Connect:  SPS Facebook Page  SPS Twitter  SPS LinkedIn  SPS YouTube Channel  SPS Google+ Page     Share: Share

Speech and Audio Highlights from MediaEval 2013

Gareth J. F. Jones, Martha Larson

SLTC Newsletter, February 2014

MediaEval is a benchmarking initiative dedicated to evaluating new algorithms for multimedia access and retrieval. While it emphasizes the 'multi' in multimedia and focuses on human and social aspects of multimedia task, speech and audio processing is a key component of several MediaEval tasks each year. This article overviews the tasks with significant speech and audio elements from the MediaEval 2013 multimedia evaluation benchmark and looks ahead to the MediaEval 2014 campaign [1].

MediaEval 2013 featured a total of 12 tasks exploring aspects of multimedia indexing, search and interaction, five of which involved significant elements of speech and audio processing.

The “Spoken Web Search” (SWS) Task aimed to perform audio search in multiple languages and acoustic conditions where there are very few resources available to develop a solution for each individual language. The operational setting of the task was to imagine that you want to build a simple speech recognition system, or at least a spoken term detection (STD) or keyword spotting (KWS) system in a new dialect, language or acoustic condition, for which only a small number of audio examples are available. The research aimed to explore the question of whether it is possible to do something useful (e.g. identify the topic of a query) by using only the very limited resources available.

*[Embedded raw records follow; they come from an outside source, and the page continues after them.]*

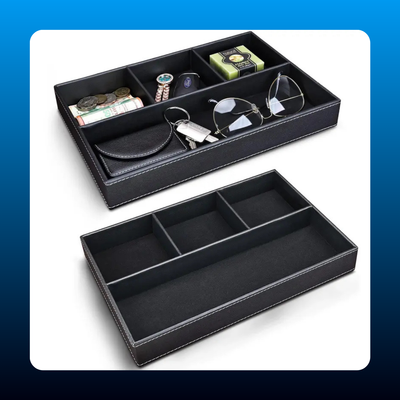 PU Leather Multi-Compartment Desktop Organizer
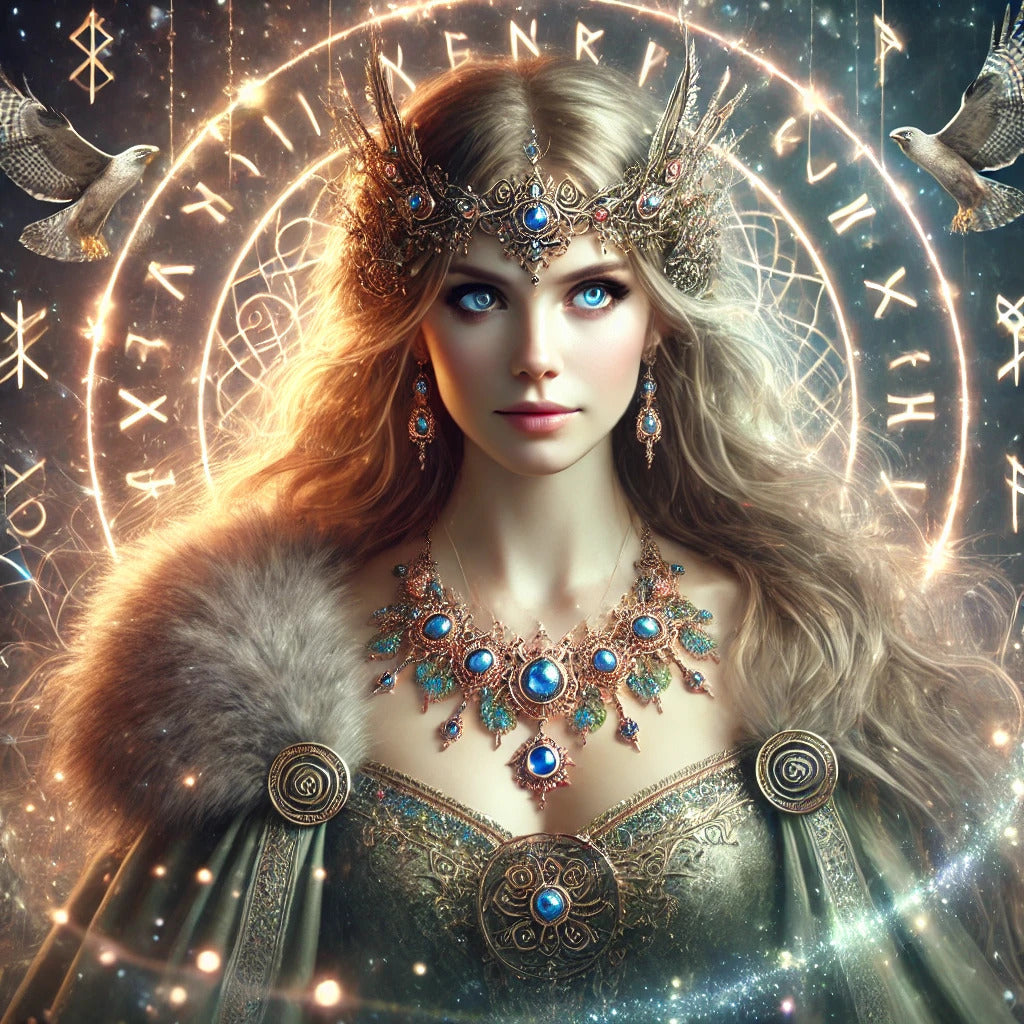 Framed Freya Norse goddess wall art wearing the Brísingamen necklace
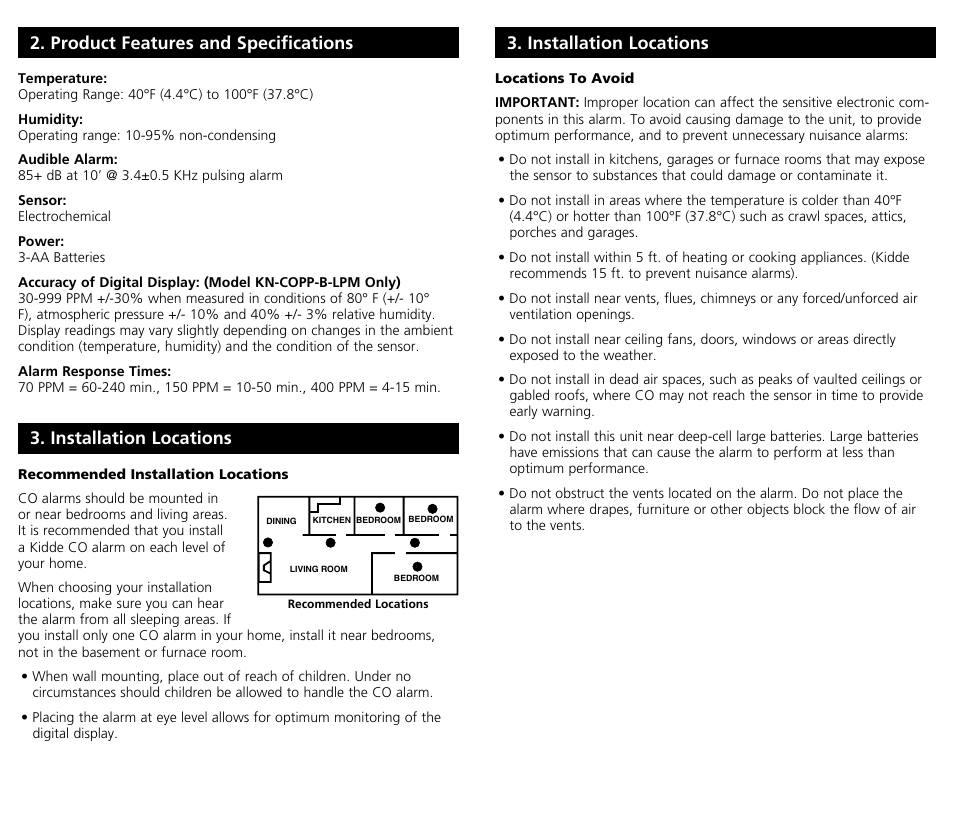 Installation locations, Product features and specifications | Kidde Carbon Monoxide Alarm KN-COPP-B-LPM (with Digital Display) User Manual | Page 6 / 10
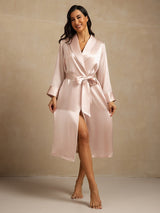 [Lyserød] SilkSilky-DK Silke Womens Robe 006,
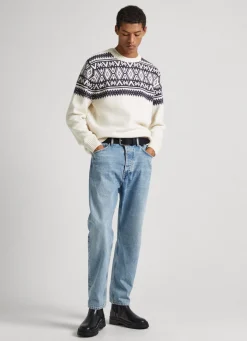 Men Pepe Jeans Round Neck Jacquard Sweatshirt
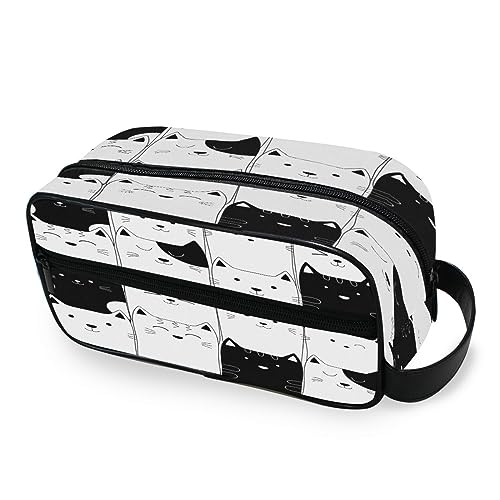 Tragbare Kulturtasche Niedliche Katze Schwarz Weiß Reise Waschtasche Multifunktions Kosmetiktasche Make-up-Tasche Aufbewahrungstasche für Frauen Männer Jungen Mädchen, multi von HMZXZ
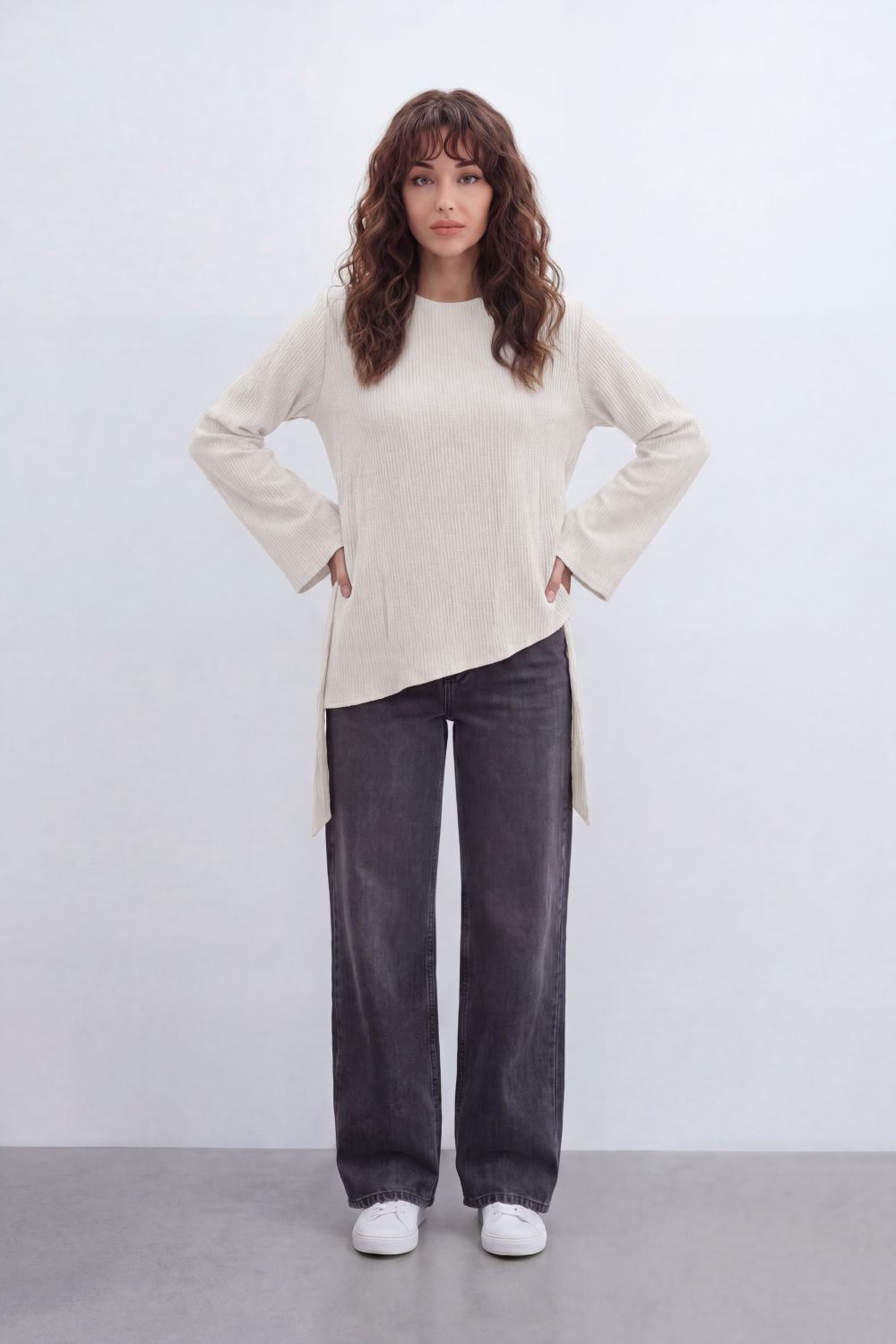 Women’s Tomato Store Wrap Rib Tie Blouse Vertical Ribbed Texture Shapes The Body With Asymmetric Front Hem Side Slit Detail Back Waist Tie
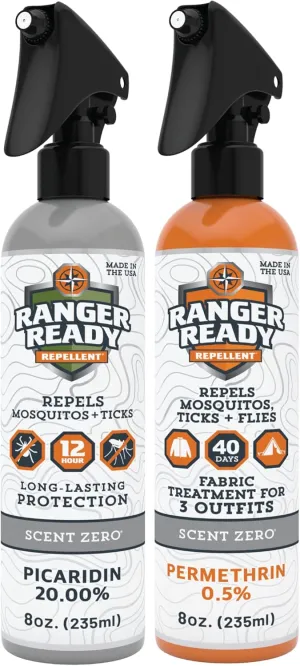 Ranger Ready Repellents P2Pak Permethrin   Picaridin Tick & Insect Repellent, Scent Zero, 8 Fl Oz. (Pack of 2)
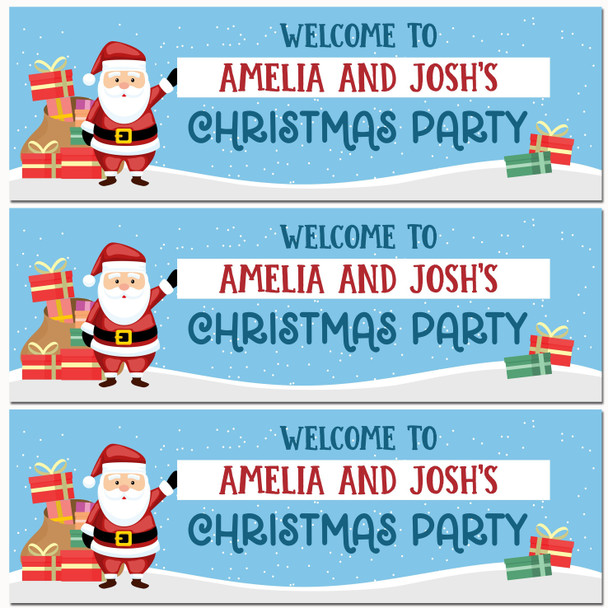 Personalised Party Banner For Christmas Party Couple Santa Gift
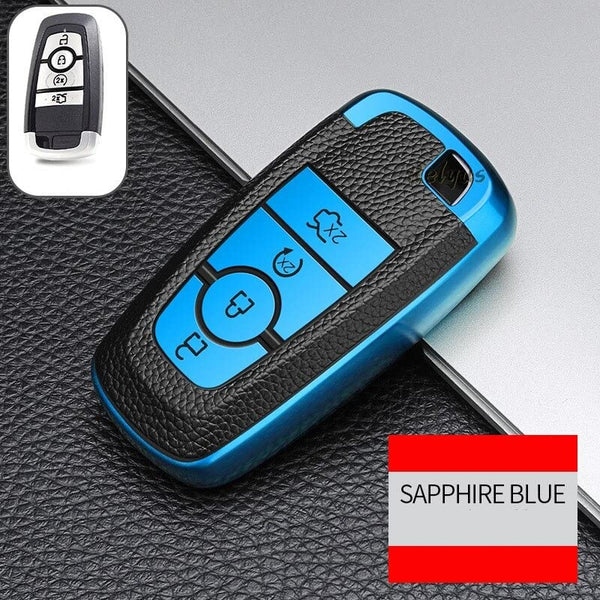 JVCV® Premium Soft TPU Leather Pattern Key Cover Compatible with Ford Ecosport Aspire Freestyle Endeavour Push Button Start Car Key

The task involved searching for audio content within audio content using an audio query, and contained audio for 9 different languages. Participants were required to build a language independent audio search system so that, given an audio query, it should be able to find the appropriate audio file(s) and the exact location(s) of a query term within these audio file(s). Evaluation was performed using standard NIST metrics and some other indicators. The SWS task at MediaEval 2013 expanded the size of the test dataset and number of languages over similar tasks held in 2011 and 2012. In addition, a baseline system was being offered to first-time participants as a virtual kitchen application [2].

In 2014, the task will continue under the new name of "QUESST": Query by Example Search on Speech.

The Search and Hyperlinking (S&H) Task consisted of two sub-tasks: (i) answering known-item queries from a collection of broadcast TV material, and (ii) automatically linking anchors within the known-item to other parts of the video collection. The S&H Task envisioned the following scenario: a user is searching for a segment of video that they know to be contained in a video collection. If the user finds the segment, she may wish to see further information about some aspect of this segment. This use scenario is a refinement of the previous S&H task at MediaEval 2012.

The dataset for both subtasks was a collection of 1,260 hours of video provided by the BBC. The average length of a video was roughly 30 minutes and most videos were in the English language. The collection was used both for training and testing of systems. Known-items and queries to locate them were created by volunteer subjects in sessions at the BBC offices, and relevant links were identified using crowdsourcing with Amazon Mechanical Turk. The BBC kindly provided human generated textual metadata and manual transcripts for each video. Participants were also provided with the output of two automatic speech recognition (ASR) systems and features created using automatic visual analysis.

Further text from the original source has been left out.